Побывал бы он на послевоенных съездах – не так бы еще устрашился.

А читать, и правда, почти нечего.

Управляют «творческими союзами» и театрами чиновники ищущие и не пишущие, играющие и ставящие и не играющие и не ставящие, малюющие и не малюющие. Одни других стоят. Настоящая литература упразднена за ненадобностью и даже за вредностью ее для партии и правительства, а вот департаменты, именующие себя «творческими союзами», джунглеобразно разрослись.

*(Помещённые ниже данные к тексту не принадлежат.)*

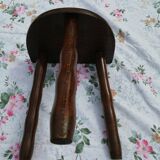 Small half moon tabouret
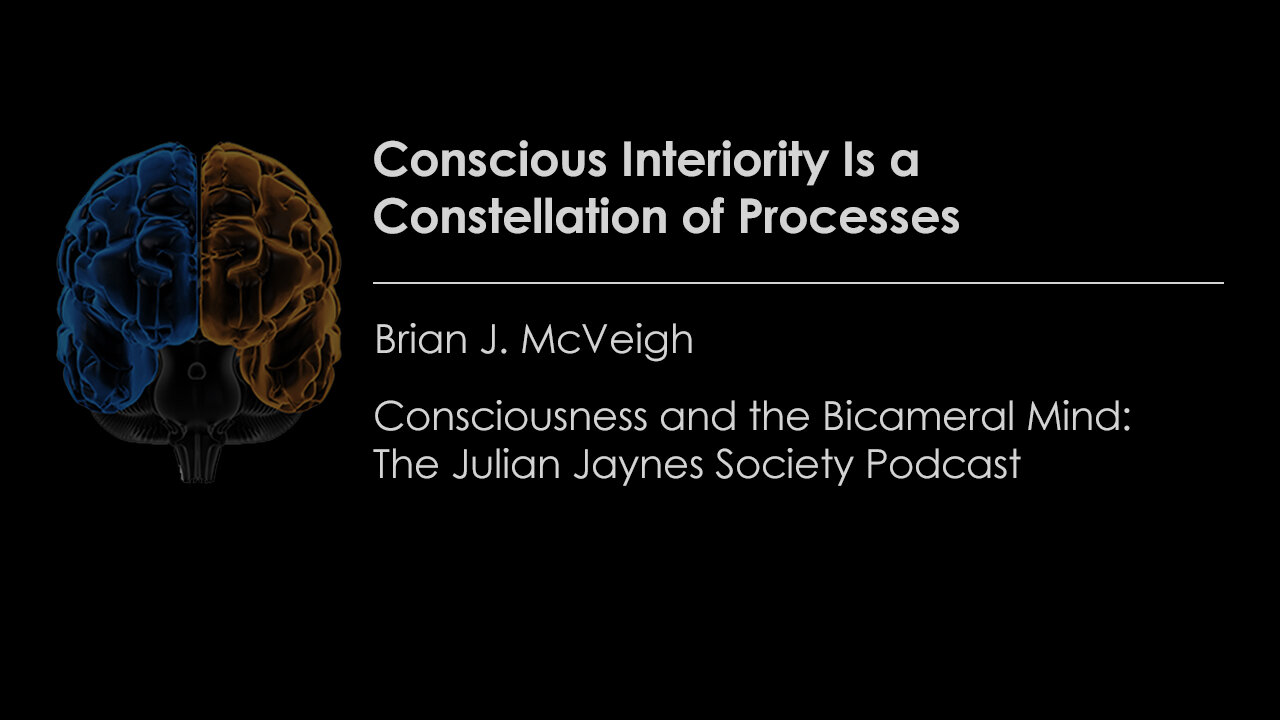 Conscious Interiority Is a Constellation of Processes | ⁠⁠⁠⁠⁠⁠Consciousness & the Bicameral Mind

Ведь нужно же кому-то надзирать за писателями, а то как бы, не ровен час, не завелась крамола, нужно встречать и провожать заморских гостей, послеживать за ними и пытаться заморочить им головы, нужно вытаптывать смелые таланты, вдруг, несмотря на холод и зной, кое-где вырастающие, наконец, необходима кормушка для первых секретарей, для членов секретариата и для секретуток.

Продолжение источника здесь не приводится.